As duas pessoas, que pediram à Folha para não serem identificadas, contaram que foram atraídas por anúncios. Na empresa, elas teriam sido informadas que se fossem contratados receberiam salário de R$ 360,00, 10% de comissão sobre as vendas, tíquete-refeição e vale-transporte.
Segundo uma das pessoas, os representantes da empresa disseram que a contratação dependia de atingirem uma meta de 50 pontos (uma das exigências era a venda de planos a R$ 100,00). Apesar de, oficialmente, serem informados da proibição de efetuar vendas para parentes ou amigos, os candidatos eram induzidos a isso. ‘‘Falaram que, por debaixo dos panos, eu podia vender para um parente porque se fosse contratada, em um mês eu cobriria este gasto’’, contou.
Os candidatos disseram que efetuaram uma venda, se submeteram a um outro teste e foram reprovados. Mesmo assim, tiveram outra chance. ‘‘Disseram que iam abrir uma exceção para mim e, para isso, era para eu vender mais dois planos de saúde’’, contou. Desconfiados, eles desistiram e, anteontem, procuraram a Promotoria de Defesa do Consumidor. O promotor Bruno Galatti disse que se trata de um provável caso de estelionato.

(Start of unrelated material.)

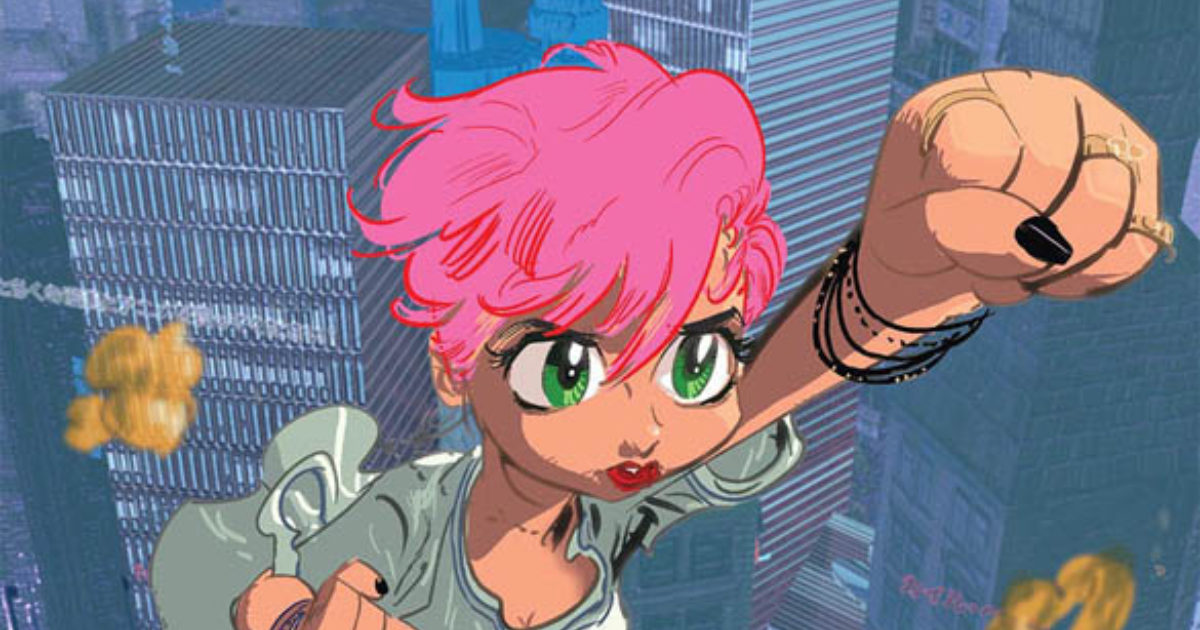 CIRCUITBREAKER is an electric read Image Comics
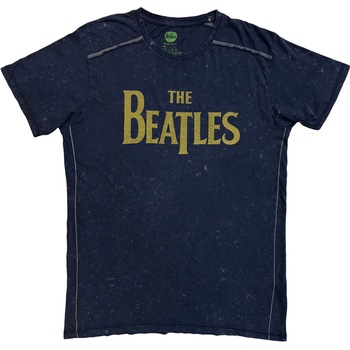 The Beatles Drop T Logo Snow Wash (Wash Collection) Navy Blue L Риза (BEATSWASH04MN03)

O gerente em exercício da Life Sul, Celso Adriano, negou as acusações. ‘‘Eles se sentiram lesados e se acham no direito de argumentar algo’’. Ele confirmou que os candidatos se submetem a um teste (vendas externas) que dura 30 dias. Mas ressaltou que, desde o início, avisa sobre a proibição de oferecer planos para parentes.
A Life Sul, segundo Adriano, está em Londrina há um ano e a coordenadora da empresa é Genessi Rodrigues da Silva, que estaria viajando. Questionado sobre o fato dela já ter sido envolvida em denúncia semelhante, ele disse desconhecer o fato. ‘‘Ela é uma pessoa muito idônea’’.
Em junho de 96, a Folha publicou uma matéria sobre a empresa Regencer Representações Comerciais, que estava sendo investigada pelo Ministério Público por denúncias de estelionato. Na época, o promotor Sérgio Siqueira disse que os responsáveis da empresa eram Genessi Rodrigues da Silva e Reginaldo Pereira Barroso. Ele ouviu cerca de 30 pessoas que teriam sido vítimas da empresa.